Require your manufacturer to have their subcontractors and suppliers sign similar NNN agreements.
Otherwise, they can simply pass your information down the supply chain and claim they didn't directly violate your agreement.
Your NNN should explicitly state that the manufacturer remains liable for any breaches by their subcontractors.
Monitor compliance regularly rather than waiting until you suspect a violation.
This includes periodic audits, checking online marketplaces for unauthorized products, and maintaining communication with your manufacturer about confidentiality expectations.
Keep detailed records of what information you shared, when you shared it, and who received it.
This documentation proves essential if you need to enforce your agreement through Chinese courts or arbitration.
Include timestamps, email records, and shipping documents for physical samples or tooling.
Conclusion
Protecting your intellectual property in China is a complex but essential task for any international business. While an NNN agreement template provides a strong foundation for non-disclosure, non-use, and non-circumvention, the nuances of Chinese law require precise execution.
From ensuring the correct company chop is used to designating the proper jurisdiction, small errors can lead to unenforceable contracts.
To ensure your business is fully protected and your agreements are legally airtight, we highly recommend you to contact China Legal Experts for a confidential consultation. Professional guidance will help you navigate the specific legal landscape and secure your manufacturing interests effectively.
Discover how to manage production quality by reading our guide, China Factory Quality Issues: Prevention and Resolution Strategies.
Frequently Asked Questions
What clauses should be included in an NNN agreement to protect against disclosure, misuse, and circumvention in China?
Your NNN agreement needs three core protection clauses. The non-disclosure clause must prevent your Chinese partner from sharing your confidential information with any third party, including employees, contractors, or affiliated companies.
You should define confidential information specifically, such as product designs, technical specifications, manufacturing processes, customer lists, and pricing structures. The non-use clause stops the receiving party from using your information for their own benefit.
This means they cannot manufacture similar products, create competing versions, or sell your designs under their own brand name. You need to specify that this applies even if they keep the information secret.
The non-circumvention clause prevents the Chinese party from bypassing you to work directly with your customers, suppliers, or business contacts. Include specific liquidated damages for each type of violation.
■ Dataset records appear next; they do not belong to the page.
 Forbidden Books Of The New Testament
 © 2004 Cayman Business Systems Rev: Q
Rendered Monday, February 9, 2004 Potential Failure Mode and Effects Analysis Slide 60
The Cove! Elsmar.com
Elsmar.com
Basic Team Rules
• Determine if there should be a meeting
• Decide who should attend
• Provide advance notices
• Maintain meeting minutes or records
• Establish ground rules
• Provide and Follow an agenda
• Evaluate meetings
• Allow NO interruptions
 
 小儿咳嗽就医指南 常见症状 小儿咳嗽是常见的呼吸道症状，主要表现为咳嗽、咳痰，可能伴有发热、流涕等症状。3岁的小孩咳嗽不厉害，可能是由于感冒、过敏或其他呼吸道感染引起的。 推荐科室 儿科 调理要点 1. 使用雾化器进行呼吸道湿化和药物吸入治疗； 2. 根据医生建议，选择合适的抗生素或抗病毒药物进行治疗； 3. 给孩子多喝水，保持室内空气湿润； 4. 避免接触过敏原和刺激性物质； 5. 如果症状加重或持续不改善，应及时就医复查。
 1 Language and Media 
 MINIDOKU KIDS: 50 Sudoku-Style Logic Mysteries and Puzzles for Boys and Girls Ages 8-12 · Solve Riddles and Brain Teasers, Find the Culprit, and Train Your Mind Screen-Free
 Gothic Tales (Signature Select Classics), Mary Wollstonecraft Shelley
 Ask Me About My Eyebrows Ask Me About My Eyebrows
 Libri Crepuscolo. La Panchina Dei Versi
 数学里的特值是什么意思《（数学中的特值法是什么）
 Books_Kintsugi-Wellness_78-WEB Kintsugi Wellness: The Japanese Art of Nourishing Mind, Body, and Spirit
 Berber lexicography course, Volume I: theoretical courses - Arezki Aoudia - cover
For example, you might set a penalty of $50,000 for each breach of the non-use clause. You also need enforcement mechanisms.
Include provisions for injunctive relief so you can stop ongoing violations immediately through court orders. Add clauses that allow you to recover attorney fees and investigation costs.
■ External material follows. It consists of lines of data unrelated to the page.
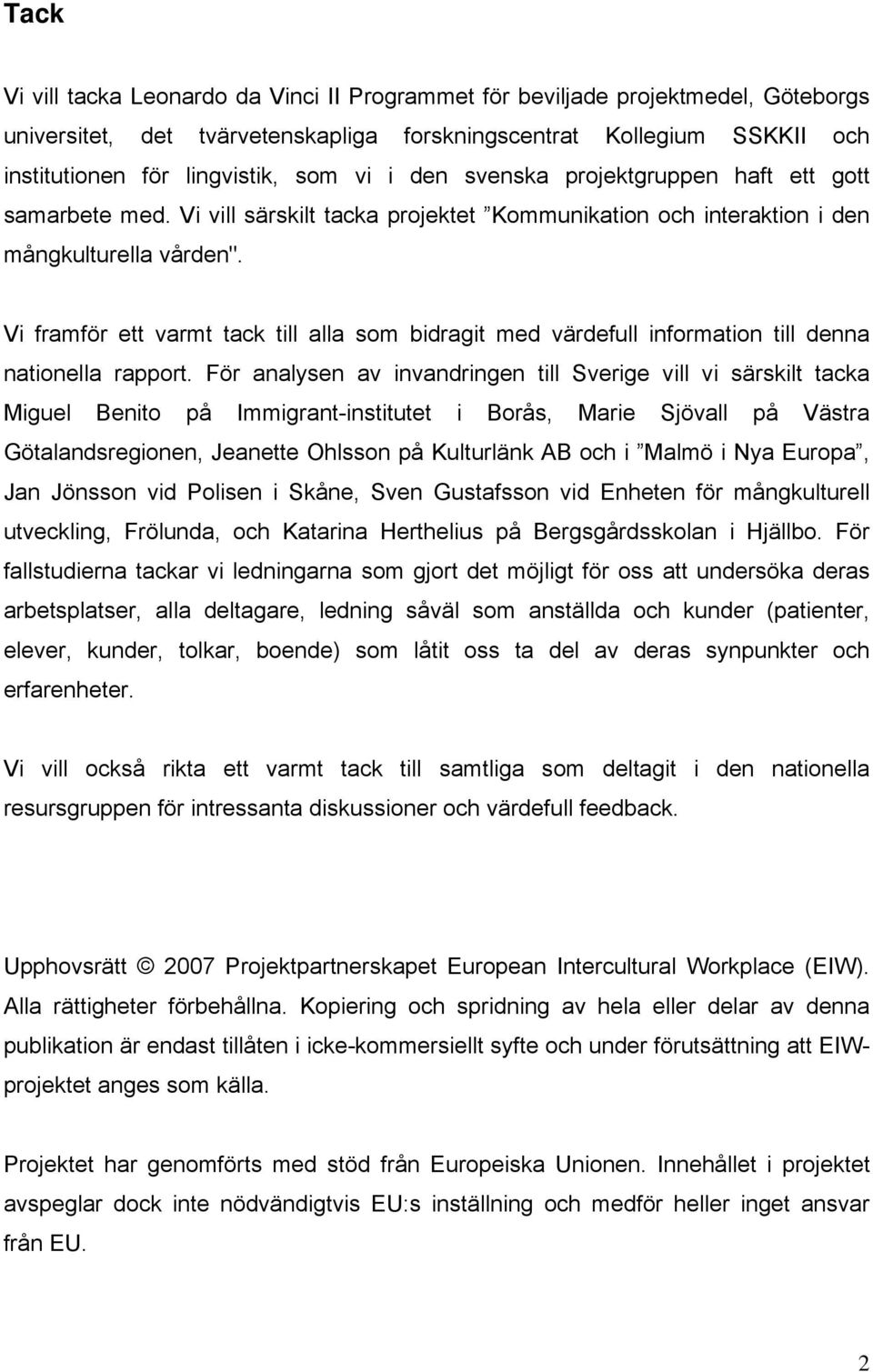 Vi framför ett varmt tack till alla som bidragit med värdefull information till denna nationella rapport.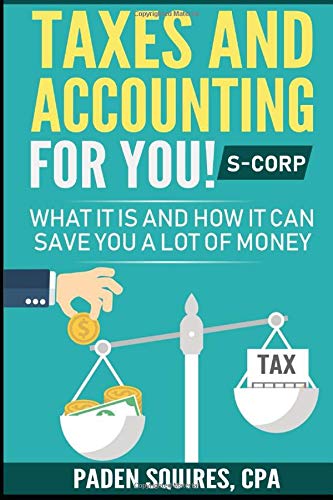 Taxes and Accounting for You! S-Corp: What it is and How it Can Save You A lot of Money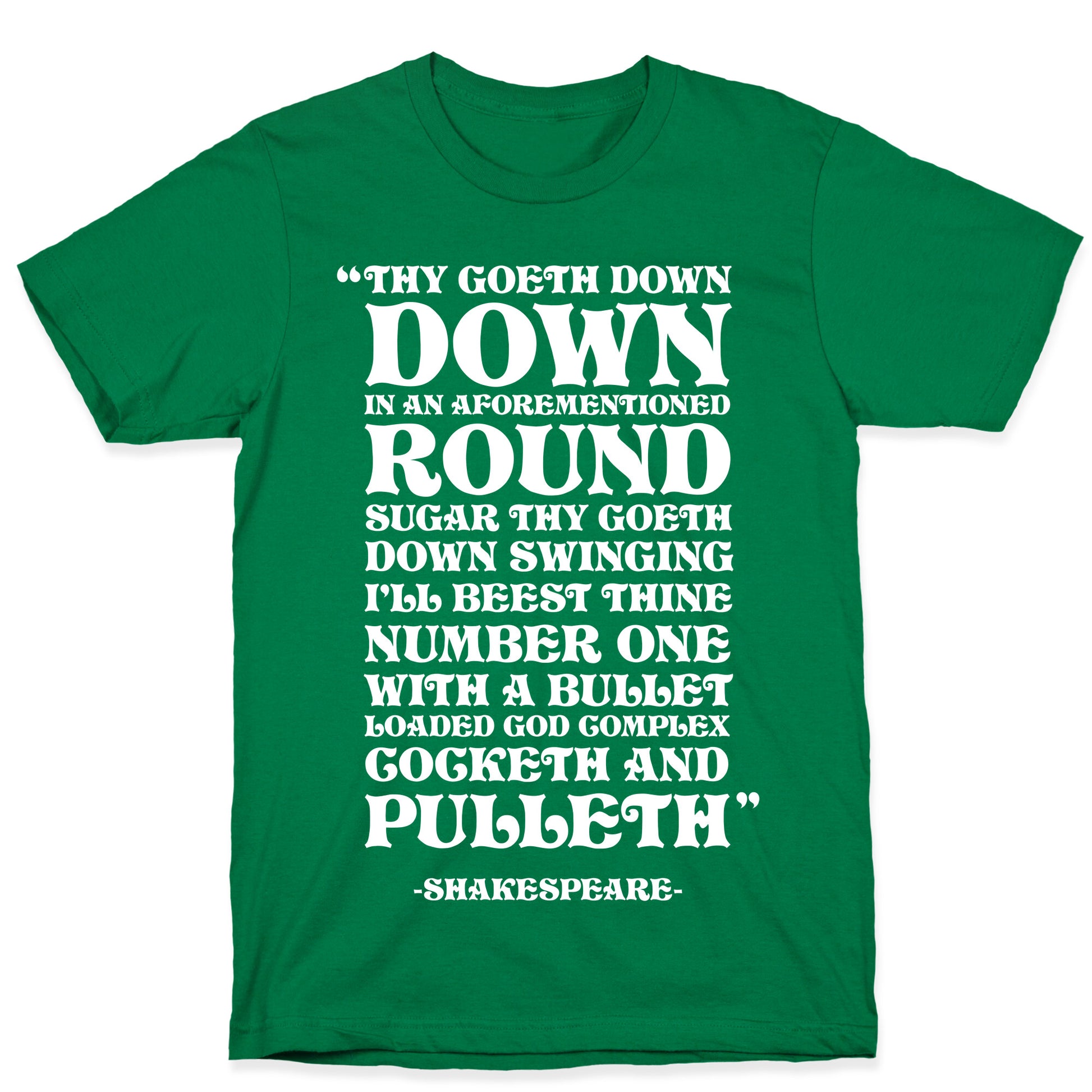 We're Going Down Down In An Earlier Round Shakespeare Parody T-Shirt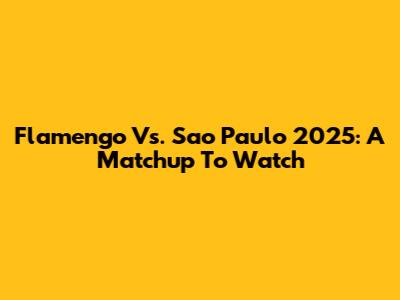 Flamengo Vs. Sao Paulo 2025: A Matchup To Watch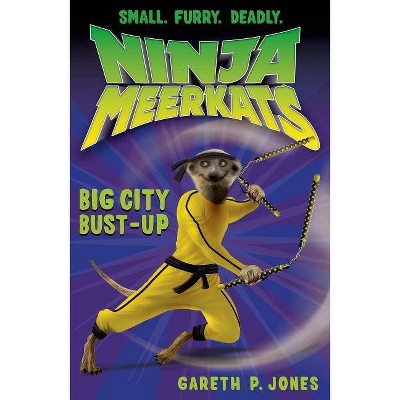 Ninja Meerkats (#6): Big City Bust-Up - by  Gareth P Jones (Paperback)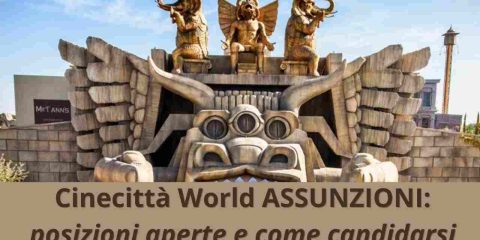 Cinecittà World Assunzioni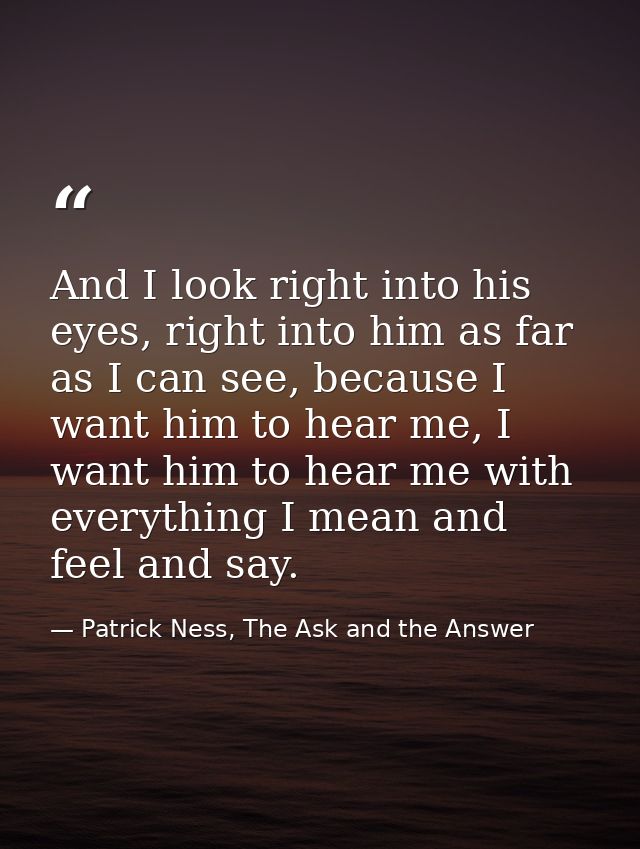 And I look right into his eyes, right into him as far as I can see, because I want him to hear me, I want him to hear me — Patrick Ness, The Ask and the Answer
How can I adapt an NNN agreement into an editable Word format while keeping key legal protections intact?
Converting a template to Word format requires careful attention to specific elements. You must maintain the bilingual structure with both English and Chinese text if your template includes it.
The Chinese version should be designated as the controlling version in case of disputes. Keep all defined terms consistent throughout the document.
If your template defines "Confidential Information" in a specific way, you cannot change that definition without adjusting every reference to it. Do not remove or weaken liquidated damages clauses. Chinese courts favor predetermined monetary penalties because they eliminate the need to prove actual damages.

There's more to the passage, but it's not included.